Chunking Strategies
Graviton supports multiple chunking algorithms for content-defined deduplication. Choosing the right strategy impacts storage efficiency and retrieval performance.
Overview
Chunking divides byte streams into addressable blocks. Graviton supports:
- Fixed-size chunking — Simple, predictable boundaries (
Chunker.fixed) - FastCDC — Fast content-defined chunking (
Chunker.fastCdc) - Delimiter chunking — Split on a byte delimiter using a streaming KMP matcher (
Chunker.delimiter)
TIP
This page also mentions a few planned chunkers (Anchored CDC, BuzHash, Rabin). The runtime APIs you can use today are Chunker.fixed, Chunker.fastCdc, and Chunker.delimiter.
Streaming API (what you actually use)
ZIO streams
graviton.streams.Chunker exposes chunkers as a typed ZPipeline[Any, Chunker.Err, Byte, Block]:
import graviton.core.types.UploadChunkSize
import graviton.streams.Chunker
import zio._
import zio.stream._
val chunkSize = UploadChunkSize(1024 * 1024) // compile-time refined
val blocks: ZStream[Any, Throwable | Chunker.Err, graviton.core.model.Block] =
ZStream.fromFileName("data.bin")
.via(Chunker.fixed(chunkSize).pipeline)“Pure” state machine (no ZIO)

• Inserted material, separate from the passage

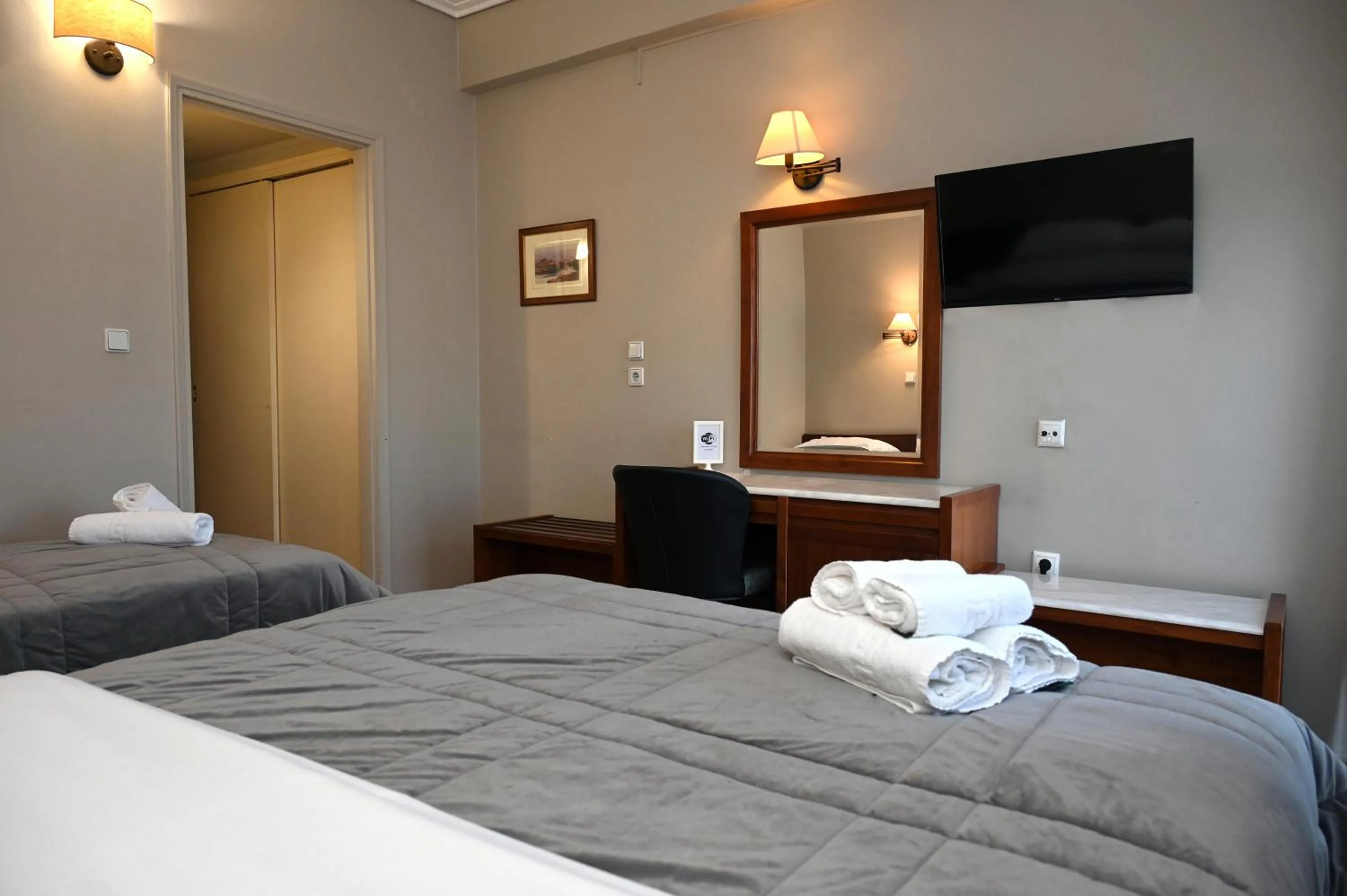 Bedroom, Bed in Hotel Achillion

If you want to run the chunker logic without streams (e.g. tests, benchmarks, non-ZIO integrations), use ChunkerCore:
import graviton.streams.ChunkerCore
import zio.Chunk
val st0 = ChunkerCore.init(ChunkerCore.Mode.FastCdc(minBytes = 256, avgBytes = 1024, maxBytes = 4096)).toOption.get
val (st1, blocks1) = st0.step(Chunk.fromArray(Array[Byte](1,2,3,4))).toOption.get
val (_, blocks2) = st1.finish.toOption.getstep returns an updated state and 0..N emitted Blocks, exactly like a “parse state machine” that you can lift into a stream.
Typed Blocks & Upload Chunks
All chunkers in Graviton emit opaque Block values (backed by Chunk[Byte]) so that size invariants are enforced at the type level.

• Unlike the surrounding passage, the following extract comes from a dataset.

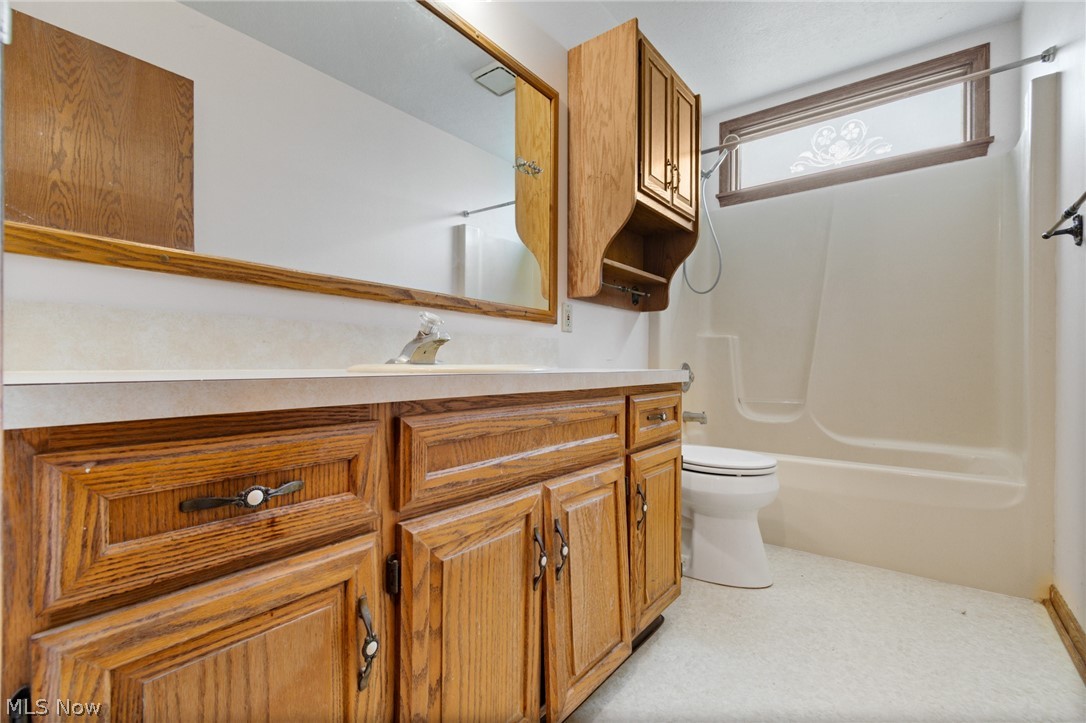 224 Tanglewood Drive Dalton OH 44618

import graviton.core.attributes.{BinaryAttributes, Source, Tracked}
import graviton.core.model.{Block, BlockBuilder, ByteConstraints}
import zio.Chunk
val bytes: Chunk[Byte] = Chunk.fromArray(inputArray)

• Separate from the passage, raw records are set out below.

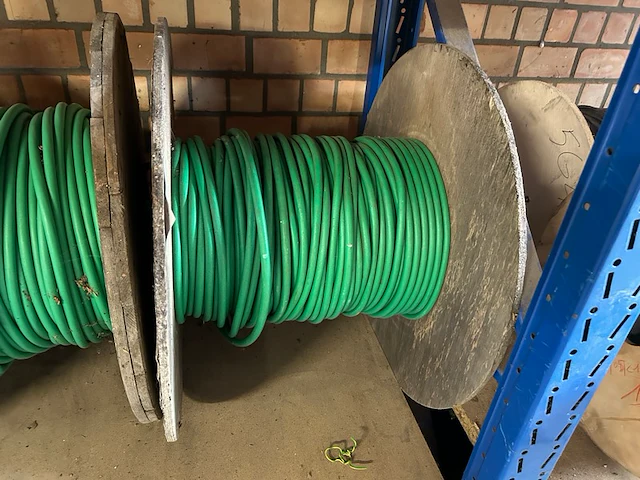 Ong 70 m kabel op rol - afbeelding 1 van  2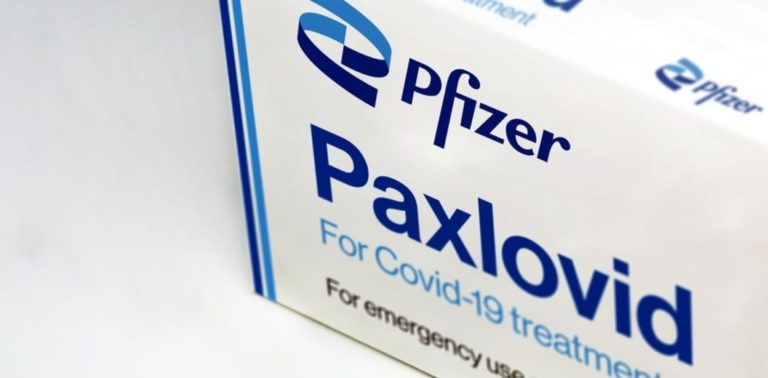 Η Pfizer ανακοίνωσε ότι το χάπι Paxlovid δεν αποτρέπει τη μόλυνση από τον κορονοϊό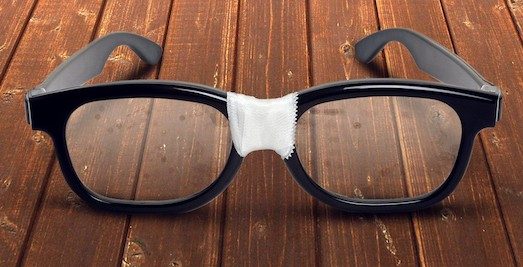 Как избавиться от царапин на очках?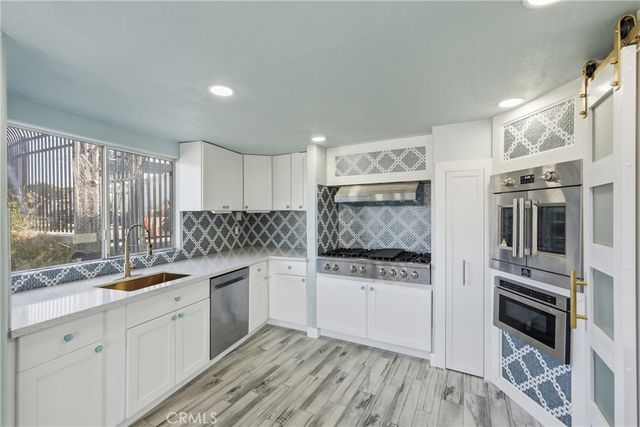 2222 S Mesa 8, San Pedro, CA 90731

val blocks: Chunk[Block] = BlockBuilder.chunkify(bytes)
// Strongly typed helpers
val firstBlockSize = blocks.headOption.map(_.blockSize) // -> ByteConstraints.BlockSize
val updatedAttributes = blocks.headOption
.fold(BinaryAttributes.empty) { block =>
BinaryAttributes.empty.confirmSize(Tracked.now(block.fileSize, Source.Derived))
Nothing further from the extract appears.